IMHO, you have to work with some subnet constructions, to get a feel for them.
A subnet is a function on index sets, as a net is a function from an index set into a space, as you probably know.
So if $f: (I, \le) \rightarrow X$ ,is a net (a sequence is just a net from $(\mathbb{N}, \le)$, where $(I, \le)$ is a directed set ($i \le i$, $i \le j \le k \rightarrow i \le k$, $\forall i_1, i_2 \in I \exists j \in I: i_1 \le j, i_2 \le j$) then a net $g:(J, \le) \rightarrow X$ is a subnet of $f$ iff there exists $h: J \rightarrow I$ that is order preserving ($j_1 \le j_2 \rightarrow h(j_1) \le h(j_2)$ and which has a cofinal image ($\forall i \in I, \exists j \in J: h(j) \ge i$) such that $f \circ h = g$.
There are other notions of subnet that are not equivalent, see this question and answer, but I find this one the easiest to understand, as it looks the most like a traditional subsequence. It's in fact exactly a subsequence if we'd demand $J = \mathbb{N}$ as well. But $J$ can be much bigger.
E.g. in your example you use the map $\mathbb{R}^+ \rightarrow \mathbb{N}$ defined by $x \rightarrow \lfloor x \rfloor$, which satisfies the requirements if both sets have their usual orders.
To get a subnet converging to $a$, we usually take a directed set that is related to $a$: let the directed set be $I =\mathscr{N}_a$ all open neighbourhoods of $a$, ordered by reverse inclusion $i_1 \le i_2$ iff $i_2 \subseteq i_1$. Directedness follows from standard inclusion properties and the fact that the intersection of two neighbourhoods of $a$ is again a neigbourhood of $a$.
Then we use that $a$ is a limit point (every neighbourhood of $a$ contains infinitely many points of the sequence, really an accumulation point) of $\{x_n: n \in \mathbb{N}\}$ to make a subnet: for each $U \in \mathscr{N}_a$ define $f(U) = \min \{n: x_n \in U\}$ and set $g(U) = x_{f(U)}$ where $f$ is well-defined as the minimum of a non-empty subset of the (well-ordered) set $\mathbb{N}$. This defines a net $g: I \rightarrow X$, and $f$ shows it's clearly a subnet of the orginal sequence in the above sense (a smaller neighbourhood can only have a larger minimal index, so order is preserved, and the image is cofinal as every neighbourhood must intersect infinitely many elements of the sequence). It also converges to $a$ as any open neighbourhood $O$ of $a$ is in the index set, so we have $x_O \in O$ and whenever $O' \ge O$ we actually have $O' \subseteq O$ so $x_{O'} \in O' \subseteq O$ as well. So every neighbourhood defines it own "tail" sets (all neighbourhoods inside it) in this net of neighbourhoods $I$; the order on $I$ is not linear, that's where you have to broaden your intuition, sets of the form $\{i \in I: i \ge i_0\}$ can be very thin threads in $I$, not "almost all points", like for sequences. So convergence wrt a net on such an order is a bit strange.
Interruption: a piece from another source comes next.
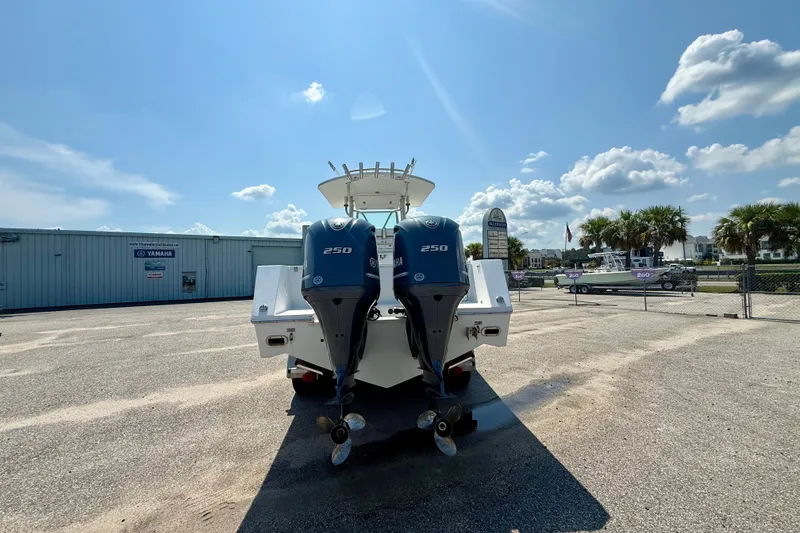 Slide: The Image of 2007 Regulator 29 Forward Seating boat with twin Yamaha 250 engines, parked outdoors. - 3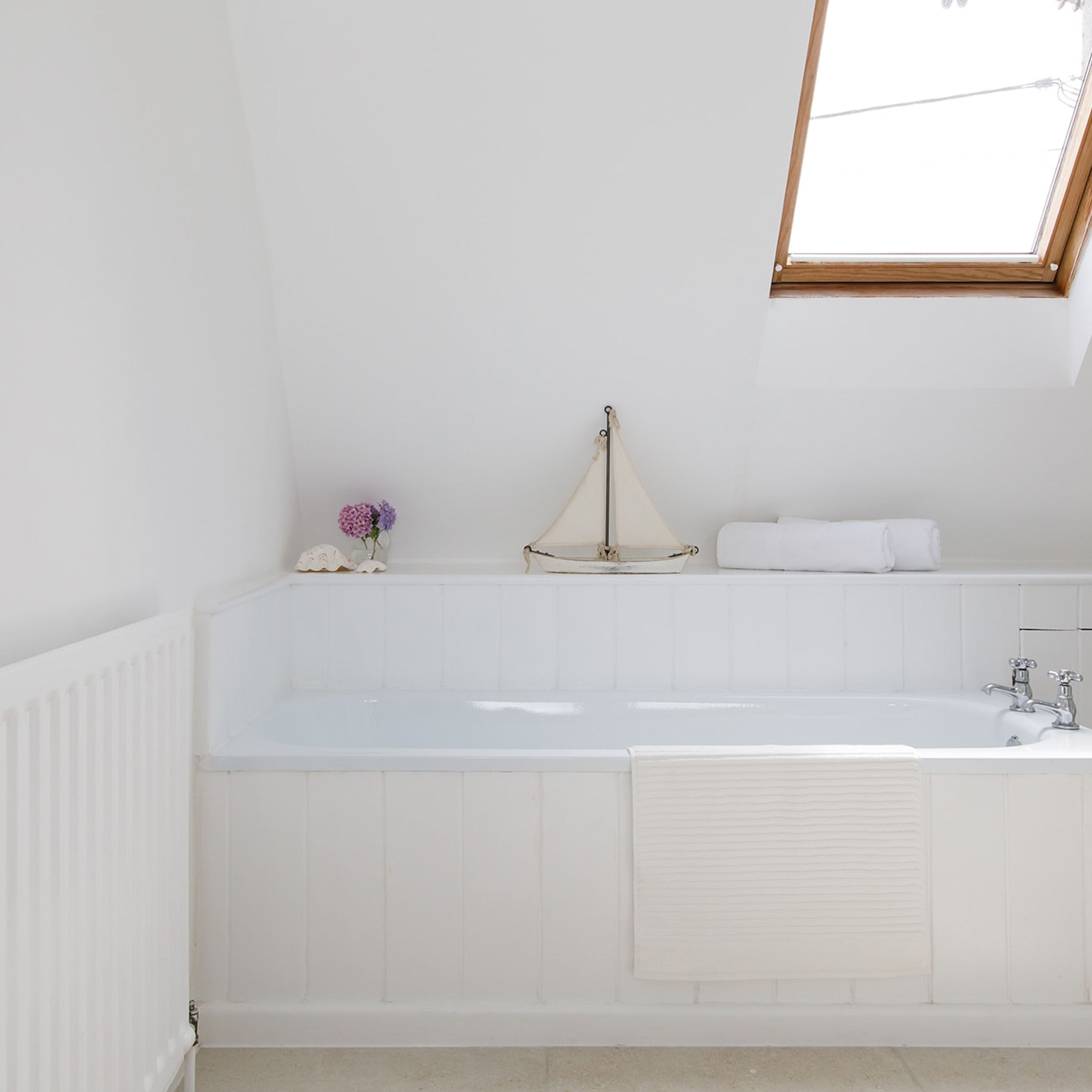 A white bathroom with a large bathtub, a window above the tub, and a radiator on the left.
If $a$ would have a countable local base we could just take a countable base as $I$ which is decreasing and $I$ just becomes a copy of $\mathbb{N}$ and we get a subsequence instead of a subnet. To get something really different you normally use large products like $[0,1]^\mathbb{R}$ or spaces like $\beta \omega$, where the points usually have quite complicated neighbourhood structures, and many non-compatible neighbourhoods exist (for 2 neighbourhoods one need not be a subset of the other: in metric spaces neighbourhoods are essentially countable linear structures, consider the balls $B(x,\frac{1}{n})$ for fixed $x$, etc. that is why sequences suffices there.)
This question and answer also illustrate nicely how we can not a have subsequence but still a subnet that converges.